Initializers

Parameters initialization plays a very important role in deep learning. A proper initialization can determine wether the optimization algorithm will converge at all, and influences the convergence speed. Symmetry breaking is also an important part of the initialization process. If two units are connected to the same input and with the same initial weights and activation function, then their weights will be updated identically during the optimization process, assuming a deterministic loss function is used. This means that the units will learn the same function, thus reducing the overall ability of the network to learn complex functions. In order to avoid this symmetry, the parameters are initialized randomly such that each unit has different weights and biases. Several methods have been developed over the last decades and the ones implemented in neuro are presented here.

Glorot Normal

This distribution has first been introduced by Glorot and Bengio [1]. The authors propose to use a normal distribution with mean $\mu=0$ and variance $\sigma^2=2/(n_i+n_{i+1})$, that is

$$X \sim \mathcal{N}\left(0,\frac{2}{n_i+n_{i+1}} \right )=\sqrt{\frac{2}{n_i+n_{i+1}}}\mathcal{N}(0,1)$$

where $n_i$ is the number of input units (sometimes called fan in) and $n_{i+1}$ the number of output units (sometimes called fan out). Note that this initialization method is sometimes called Xavier normal from the first name of the first author, Xavier Glorot.

Glorot Uniform

In this initialization scheme also proposed by Glorot and Bengio [1], the initial values are drawn from the uniform distribution:

$$X \sim \mathcal{U}\left(-\sqrt{\frac{6}{n_i+n_{i+1}}},\sqrt{\frac{6}{n_i+n_{i+1}}}\right)$$

where, similarly to the Glorot Normal initializer, $n_i$ is the number of input units and $n_{i+1}$ the number of output units. Note that this initialization method is sometimes called Xavier uniform from the first name of the first author, Xavier Glorot.

He Normal

He et al. [2] build on top of the results obtained by Glorot and Bengio and propose to draw the initial values from a normal distribution with mean $\mu=0$ and variance $\sigma^2=2/n_i$:

$$X \sim \mathcal{N}\left(0,\frac{2}{n_i}\right)=\sqrt{\frac{2}{n_i}}\mathcal{N}\left(0,1\right)$$

where $n_i$ is the number of input units.

He Uniform

The He uniform initializer generates random values using a uniform distribution within $\pm\sqrt{6/n_i}$:

$$X \sim \mathcal{U}\left(-\sqrt{\frac{6}{n_i}},\sqrt{\frac{6}{n_i}}\right)$$

where $n_i$ is the number of input units.

Lecun Normal

LeCun et al. [3] propose to initialize the weights using a normal distribution scaled by a factor $\sqrt{1/n_i}$ where $n_i$ is the number of input units. That is, the random values are drawn from the following distribution:

$$X \sim \mathcal{N}\left(0, \frac{1}{n_i} \right) = \sqrt{\frac{1}{n_i}}\mathcal{N}\left(0, 1 \right)$$

Lecun Uniform

The Lecun uniform initializer uses a uniform distribution within $\pm \sqrt{3/n_i}$:

$$X \sim \mathcal{U}\left(-\sqrt{\frac{3}{n_i}}, \sqrt{\frac{3}{n_i}} \right )$$

where $n_i$ is the number of input units.

Random Normal

The initial values are drawn from a normal distribution with mean $\mu=0$ and variance $\sigma^2 = 0.1$, i.e.
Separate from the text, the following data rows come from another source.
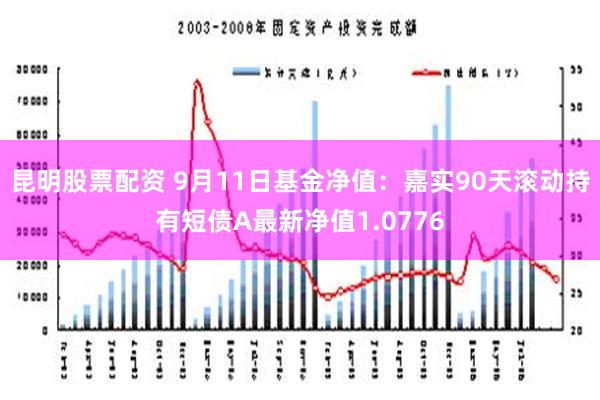 昆明股票配资 9月11日基金净值：嘉实90天滚动持有短债A最新净值1.0776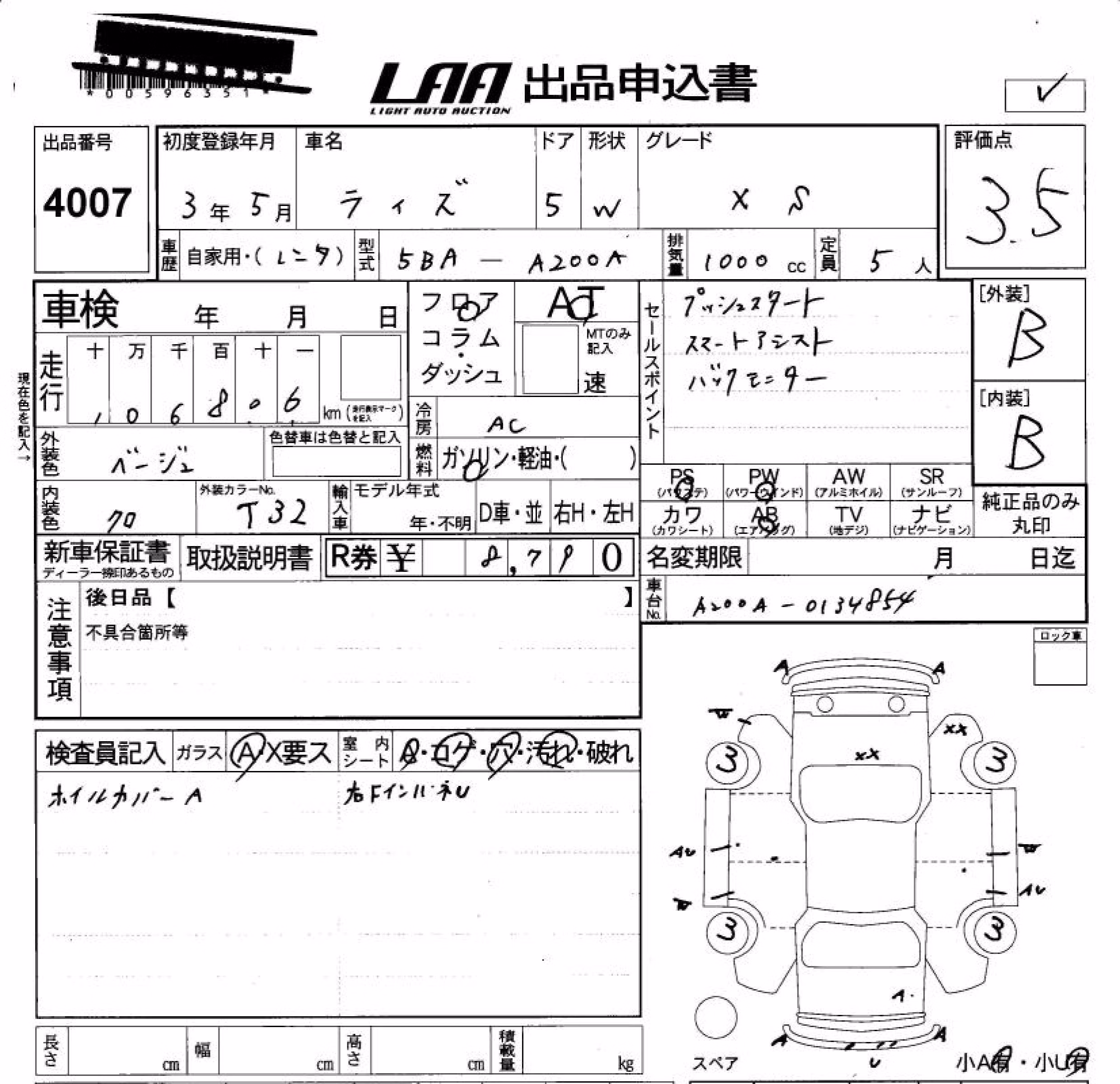 TOYOTA RAIZE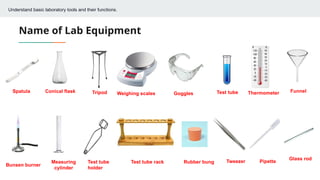 Lab equipment and safety procedures.pptx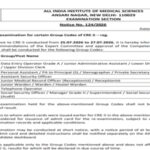 AIIMS CRE 5 re-exam announced for 7 group codes: Check official notice here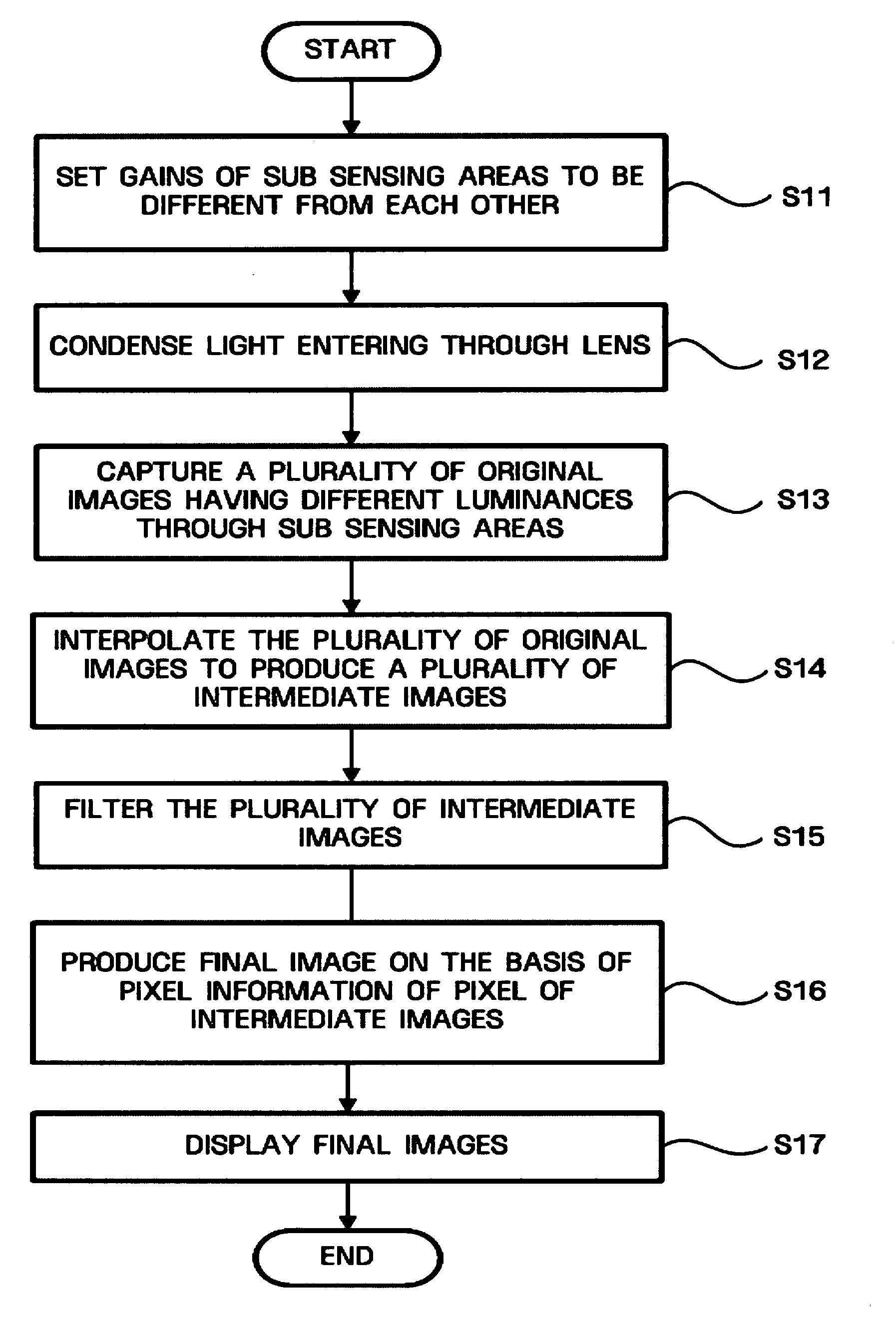 Image display apparatus and method of supporting high quality image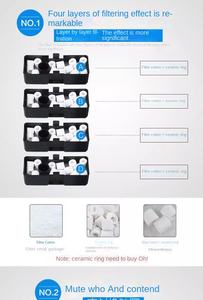 ตู้ปลาทรงสี่เหลี่ยมขนาดเล็ก <span class=keywords><strong>Sensen</strong></span> พร้อมระบบกรองภายนอกแบบติดผนัง รุ่น HBL-803 ผลิตจากพลาสติกที่เป็นมิตรกับสิ่งแวดล้อม กำลังไฟ 6 วัตต์ แรงดันไฟฟ้า 220 โวลต์ ความจุ 50-500 ลิตร รุ่นคลาสสิก - Product Image 3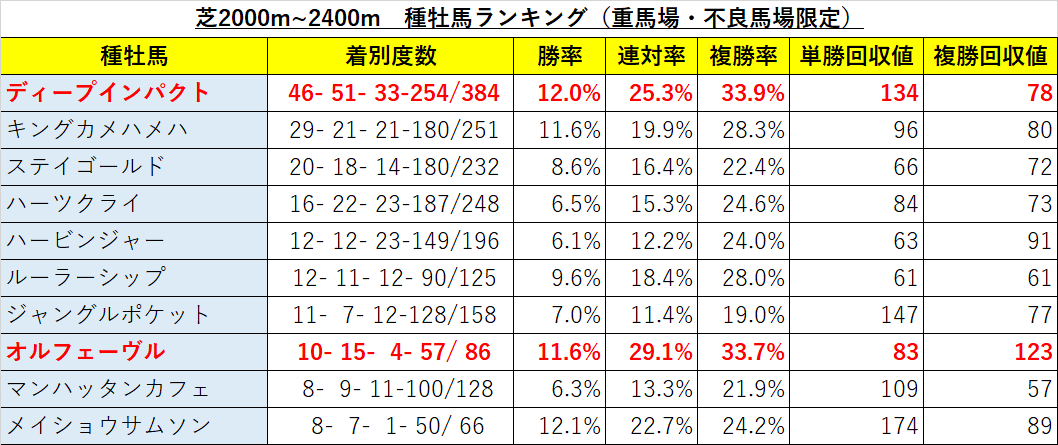 f:id:reform-k:20211215214023p:plain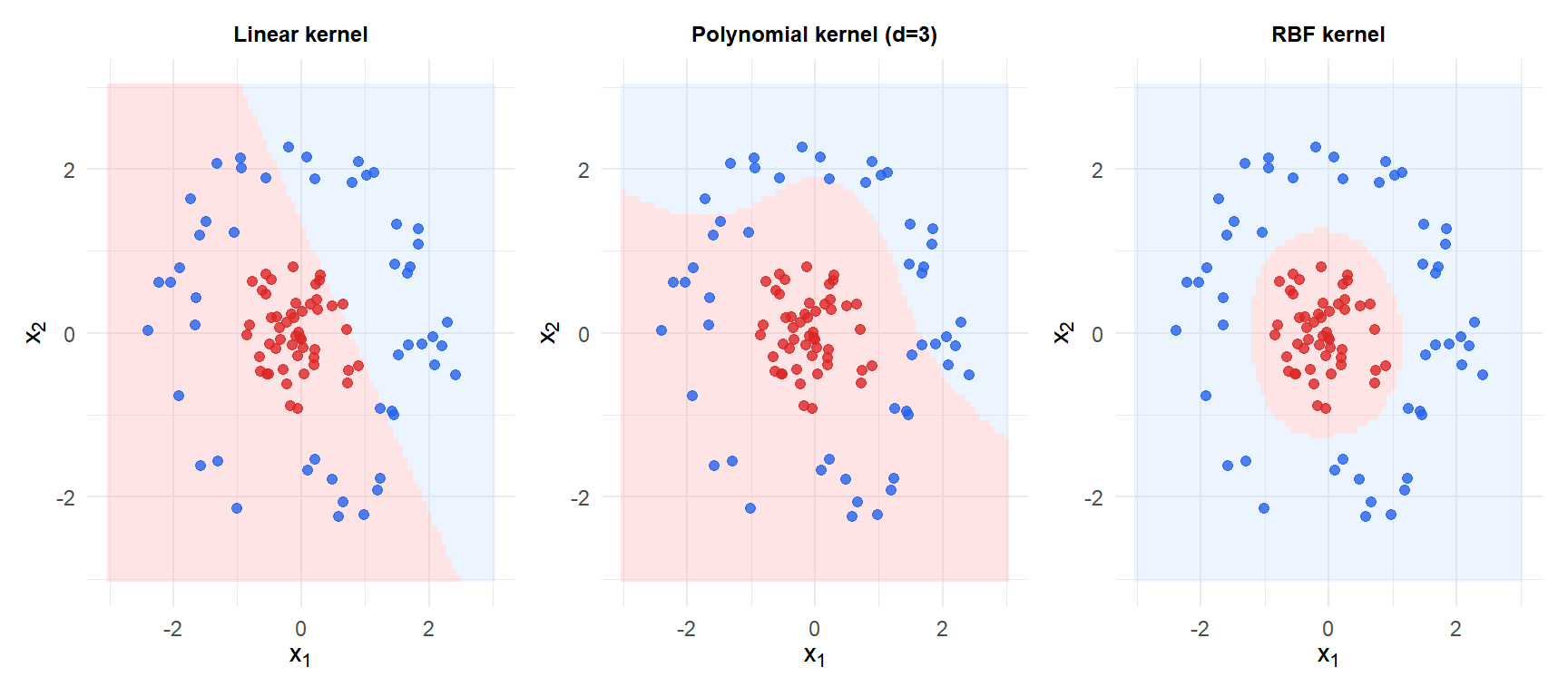 Three panels comparing decision boundaries for linear, polynomial and RBF kernels on the same non-linearly separable dataset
$$X \sim \mathcal{N}(0,0.1)$$

Random Uniform

In the random uniform distribution initializer, the initial values are drawn from a uniform distribution between -0.01 an 0.01:

$$X \sim \mathcal{U}(-0.01,0.01)$$

Zeros, Ones, Constant

Initializes all values with zeros, ones, or the given value. Note that it is very common to initialize the biases with zeros. The weights, however, should be initialized with random values in order to break the symmetry as discussed at the top of the page.

References

[1] Glorot, X., Bengio, Y., Understanding the difficulty of training deep feedforward neural networks. In Proceedings of the 13th International Conference on Artificial Intelligence and Statistics, Sardinia, Italy, 2010.
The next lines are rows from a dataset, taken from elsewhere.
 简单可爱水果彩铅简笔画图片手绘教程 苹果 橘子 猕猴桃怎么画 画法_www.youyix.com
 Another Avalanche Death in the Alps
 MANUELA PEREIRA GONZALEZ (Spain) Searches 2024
[2] He, K., Zhang, X., Ren, S., Sun, J., Delving Deep into Rectifiers: Surpassing Human-Level Performance on ImageNet Classification. arXiv:1502.01852, Feb. 2015.

[3] LeCun, Y.A., Bottou, L., Orr, G.B., Müller, K.-R., Efficient BackProp. In: Neural networks: Tricks of the trade, pp. 9-48, Springer, Berlin, Heidelberg, 1998.